*ACTIVITY*:
There are pictures in the records below; leave them out and set down exactly the lines from the one holding "33 Profilatura mediante" through the one holding "15 COLOURS - Medium".

*EXTRACTED MATERIAL*:
# # #
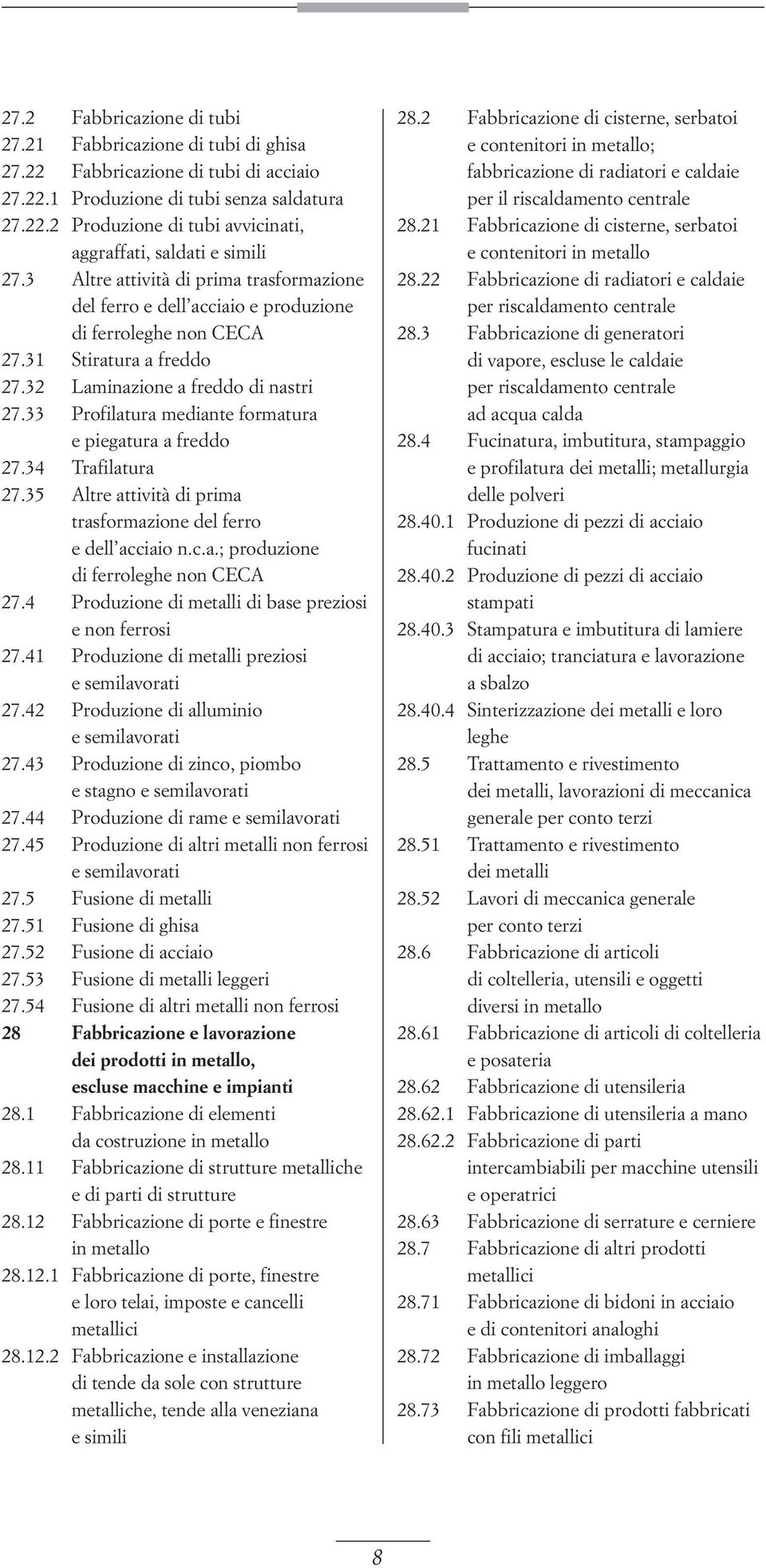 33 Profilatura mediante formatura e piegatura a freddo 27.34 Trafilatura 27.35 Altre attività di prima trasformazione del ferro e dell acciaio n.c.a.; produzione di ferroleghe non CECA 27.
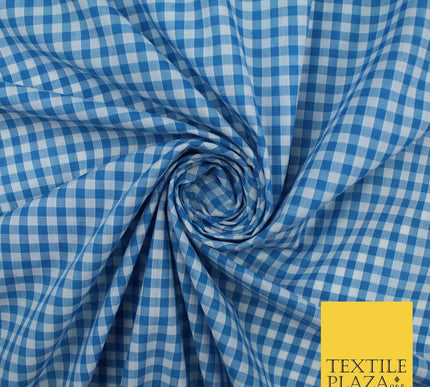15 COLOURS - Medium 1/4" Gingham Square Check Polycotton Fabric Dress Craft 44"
# # #
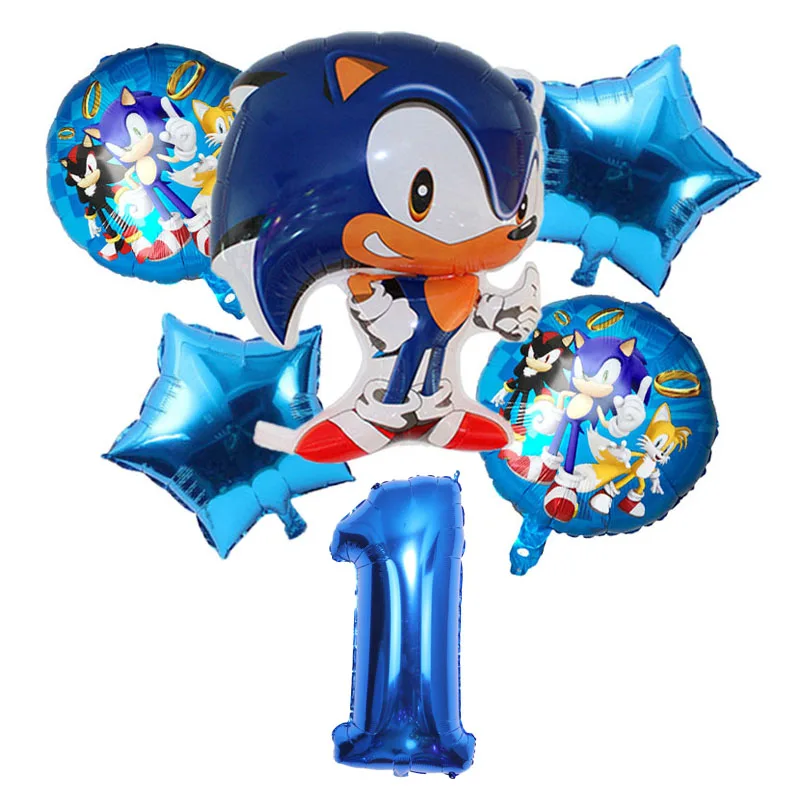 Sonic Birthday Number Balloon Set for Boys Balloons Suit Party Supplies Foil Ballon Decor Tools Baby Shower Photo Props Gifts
# # #
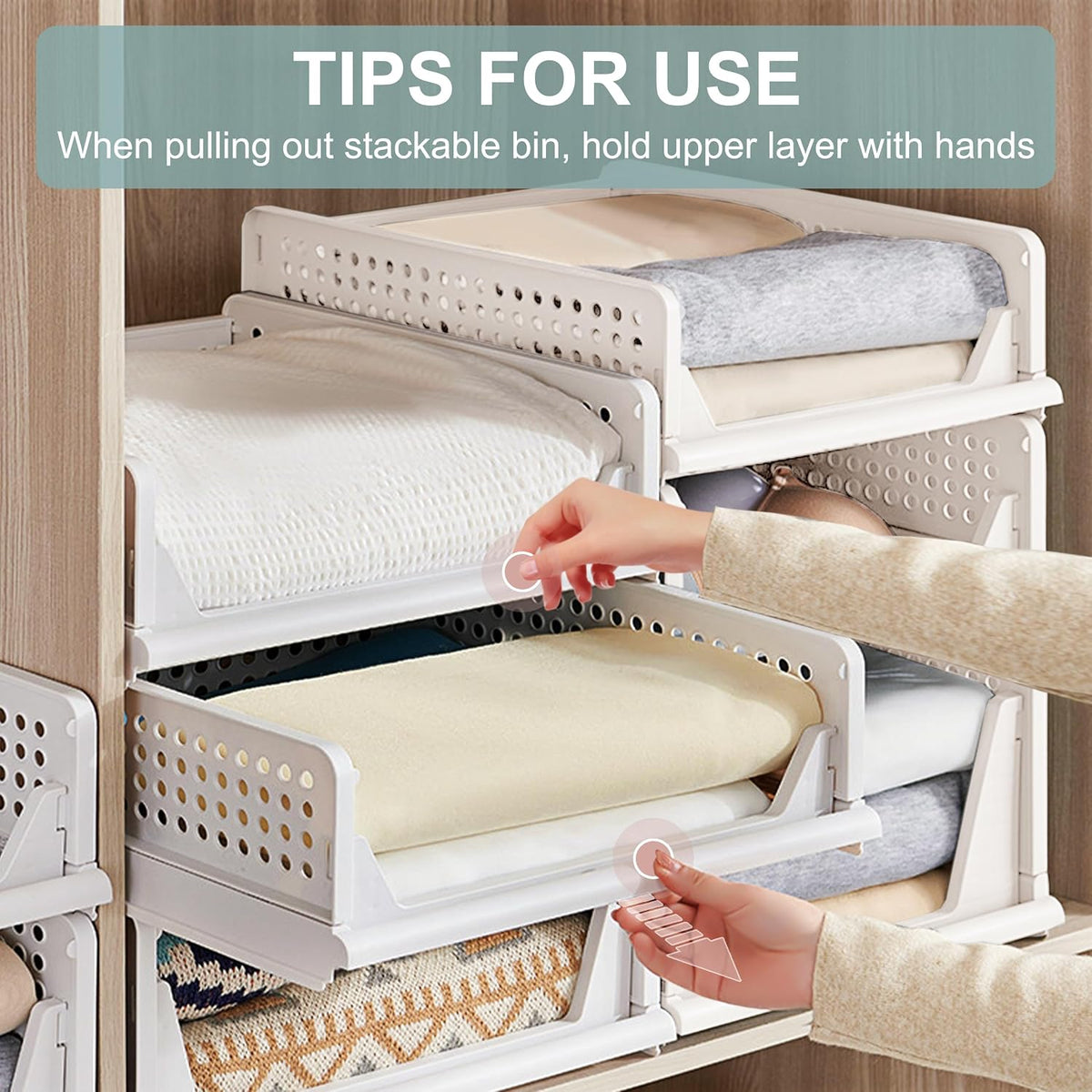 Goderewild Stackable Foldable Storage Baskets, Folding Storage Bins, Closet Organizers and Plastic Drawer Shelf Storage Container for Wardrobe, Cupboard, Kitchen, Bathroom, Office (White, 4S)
# # #
*SOLVED PROBLEM*:
 33 Profilatura mediante formatura e piegatura a freddo 27.34 Trafilatura 27.35 Altre attività di prima trasformazione del ferro e dell acciaio n.c.a.; produzione di ferroleghe non CECA 27.
15 COLOURS - Medium 1/4" Gingham Square Check Polycotton Fabric Dress Craft 44"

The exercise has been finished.